Several mosques, shops and homes were set on fire earlier this week.

The riots followed the death of a 41-year-old man from the majority Sinhala community, after he was beaten up by a group of Muslim youth in what appears to have been a road-rage incident. The suspects were later arrested.

The subsequent violence targeting mosques, Muslim-owned shops and homes, has sparked anxiety and insecurity among Muslims in Sri Lanka, especially coming just a week after similar arson attacks in the eastern town of Ampara, and another last November n Galle (pronounced Gaul).

The incidents also bring back disturbing memories of anti-Muslim riots in 2014 in Aluthgama, about 60 km south of Colombo, that left at least four persons dead and injured as many as 80.

Early signs of resurgent Sinhala-Buddhist nationalism in the country emerged in 2012, three years after the island’s civil war ended. The reactionary forces among the island’s Sinhala majority community had found a new enemy  now - the island’s Muslims.

A young and hard-line Sinhala-Buddhist organisation Bodu Bala Sena sought a ban on halal certification, and later spoke of launching a campaign against the niqab worn by some Muslim women.
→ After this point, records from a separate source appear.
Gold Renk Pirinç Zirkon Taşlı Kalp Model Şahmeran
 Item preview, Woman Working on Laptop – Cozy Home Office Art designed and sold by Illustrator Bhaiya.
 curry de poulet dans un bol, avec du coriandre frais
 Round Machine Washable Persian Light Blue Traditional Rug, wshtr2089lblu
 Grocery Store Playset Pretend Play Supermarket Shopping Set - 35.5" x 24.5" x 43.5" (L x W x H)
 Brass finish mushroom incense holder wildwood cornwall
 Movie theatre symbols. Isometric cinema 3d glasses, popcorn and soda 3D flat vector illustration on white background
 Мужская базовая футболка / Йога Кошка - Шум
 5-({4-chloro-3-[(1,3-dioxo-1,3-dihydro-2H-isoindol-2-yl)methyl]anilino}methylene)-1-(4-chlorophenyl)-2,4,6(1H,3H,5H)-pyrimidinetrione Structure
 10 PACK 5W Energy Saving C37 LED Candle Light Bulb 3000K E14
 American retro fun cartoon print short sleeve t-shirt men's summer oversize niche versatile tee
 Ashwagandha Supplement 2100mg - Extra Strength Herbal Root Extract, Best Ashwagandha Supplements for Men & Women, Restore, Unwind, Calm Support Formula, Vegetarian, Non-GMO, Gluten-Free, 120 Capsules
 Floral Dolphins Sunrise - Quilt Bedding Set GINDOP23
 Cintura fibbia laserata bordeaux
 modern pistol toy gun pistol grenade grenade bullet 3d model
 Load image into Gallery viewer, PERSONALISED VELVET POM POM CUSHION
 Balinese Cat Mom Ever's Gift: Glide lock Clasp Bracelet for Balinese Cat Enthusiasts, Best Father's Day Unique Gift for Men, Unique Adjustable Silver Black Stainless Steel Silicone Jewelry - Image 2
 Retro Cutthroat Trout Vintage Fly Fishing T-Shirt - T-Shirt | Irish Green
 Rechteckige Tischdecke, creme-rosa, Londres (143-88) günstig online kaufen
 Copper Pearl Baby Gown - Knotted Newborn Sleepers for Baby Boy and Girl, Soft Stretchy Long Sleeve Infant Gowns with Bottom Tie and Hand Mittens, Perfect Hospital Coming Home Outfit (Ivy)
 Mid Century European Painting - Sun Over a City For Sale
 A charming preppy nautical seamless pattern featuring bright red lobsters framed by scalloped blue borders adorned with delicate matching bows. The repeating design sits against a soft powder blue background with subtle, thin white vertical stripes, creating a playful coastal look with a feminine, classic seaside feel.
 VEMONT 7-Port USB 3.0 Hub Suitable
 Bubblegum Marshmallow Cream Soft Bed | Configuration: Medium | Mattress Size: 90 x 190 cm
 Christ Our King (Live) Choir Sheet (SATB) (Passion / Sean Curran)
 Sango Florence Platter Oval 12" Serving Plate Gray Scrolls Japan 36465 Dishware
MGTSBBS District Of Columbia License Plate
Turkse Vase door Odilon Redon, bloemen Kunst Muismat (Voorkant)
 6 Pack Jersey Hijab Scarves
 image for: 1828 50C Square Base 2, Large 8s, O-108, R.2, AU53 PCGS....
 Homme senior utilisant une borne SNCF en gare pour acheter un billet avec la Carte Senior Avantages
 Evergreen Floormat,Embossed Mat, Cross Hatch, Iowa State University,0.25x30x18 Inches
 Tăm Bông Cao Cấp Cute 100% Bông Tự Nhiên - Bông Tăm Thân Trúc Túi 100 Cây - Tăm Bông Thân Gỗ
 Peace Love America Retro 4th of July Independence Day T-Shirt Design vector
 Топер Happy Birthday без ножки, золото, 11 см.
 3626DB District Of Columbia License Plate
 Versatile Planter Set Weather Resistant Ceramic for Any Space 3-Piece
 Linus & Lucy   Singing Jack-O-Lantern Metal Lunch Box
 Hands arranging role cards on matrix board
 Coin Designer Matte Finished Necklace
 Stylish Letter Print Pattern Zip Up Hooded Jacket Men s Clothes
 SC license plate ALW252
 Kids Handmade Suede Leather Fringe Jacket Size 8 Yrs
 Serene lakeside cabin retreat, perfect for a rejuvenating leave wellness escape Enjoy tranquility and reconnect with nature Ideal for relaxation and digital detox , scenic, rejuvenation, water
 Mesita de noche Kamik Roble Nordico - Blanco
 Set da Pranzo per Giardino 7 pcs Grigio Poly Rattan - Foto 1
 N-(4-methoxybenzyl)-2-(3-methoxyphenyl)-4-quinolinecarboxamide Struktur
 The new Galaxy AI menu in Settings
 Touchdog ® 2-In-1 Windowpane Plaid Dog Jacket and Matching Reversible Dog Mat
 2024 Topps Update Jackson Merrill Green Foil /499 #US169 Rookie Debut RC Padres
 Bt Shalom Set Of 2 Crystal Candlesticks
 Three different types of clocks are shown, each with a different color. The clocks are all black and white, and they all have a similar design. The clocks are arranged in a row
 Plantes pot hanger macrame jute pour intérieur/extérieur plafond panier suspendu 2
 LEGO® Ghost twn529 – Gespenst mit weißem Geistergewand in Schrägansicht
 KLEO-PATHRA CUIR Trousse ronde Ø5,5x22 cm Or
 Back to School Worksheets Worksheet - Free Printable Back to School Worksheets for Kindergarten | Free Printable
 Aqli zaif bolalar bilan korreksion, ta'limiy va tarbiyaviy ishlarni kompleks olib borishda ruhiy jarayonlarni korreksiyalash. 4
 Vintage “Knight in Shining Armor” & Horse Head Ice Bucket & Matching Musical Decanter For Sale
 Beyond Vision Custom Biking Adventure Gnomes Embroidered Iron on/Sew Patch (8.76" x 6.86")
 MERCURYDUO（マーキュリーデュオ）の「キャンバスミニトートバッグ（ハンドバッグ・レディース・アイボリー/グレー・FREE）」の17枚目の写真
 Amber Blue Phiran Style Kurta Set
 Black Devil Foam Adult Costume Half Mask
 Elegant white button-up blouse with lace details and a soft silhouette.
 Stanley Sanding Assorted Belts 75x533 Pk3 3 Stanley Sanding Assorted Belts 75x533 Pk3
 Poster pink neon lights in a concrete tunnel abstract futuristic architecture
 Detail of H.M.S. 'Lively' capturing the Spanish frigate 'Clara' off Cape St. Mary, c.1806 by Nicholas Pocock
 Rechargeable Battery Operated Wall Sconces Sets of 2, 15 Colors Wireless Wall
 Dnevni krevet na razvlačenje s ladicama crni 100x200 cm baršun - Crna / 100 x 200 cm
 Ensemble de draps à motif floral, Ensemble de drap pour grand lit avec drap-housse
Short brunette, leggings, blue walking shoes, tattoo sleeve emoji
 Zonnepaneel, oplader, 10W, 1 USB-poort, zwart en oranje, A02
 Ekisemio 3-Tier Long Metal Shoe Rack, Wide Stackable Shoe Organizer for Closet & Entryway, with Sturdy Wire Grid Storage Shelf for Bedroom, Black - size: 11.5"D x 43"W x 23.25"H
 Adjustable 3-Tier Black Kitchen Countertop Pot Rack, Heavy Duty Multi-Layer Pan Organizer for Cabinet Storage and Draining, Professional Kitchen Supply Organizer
In 2013, a spate of attacks led by hard-line Sinhala-Buddhist groups, targeted Muslim-run shops in Colombo.   

Muslims constitute about 9% of the country’s population.  Despite being native Tamil speakers, Muslims have sought recognition as a separate ethnic group, especially since their en-masse expulsion from Jaffna peninsula in 1990 by the LTTE.

The government has condemned the attacks, but locals have accused the police and the security forces on the ground of inaction during the height of violence.

Now, after days of unrest, an uneasy calm previls in Kandy.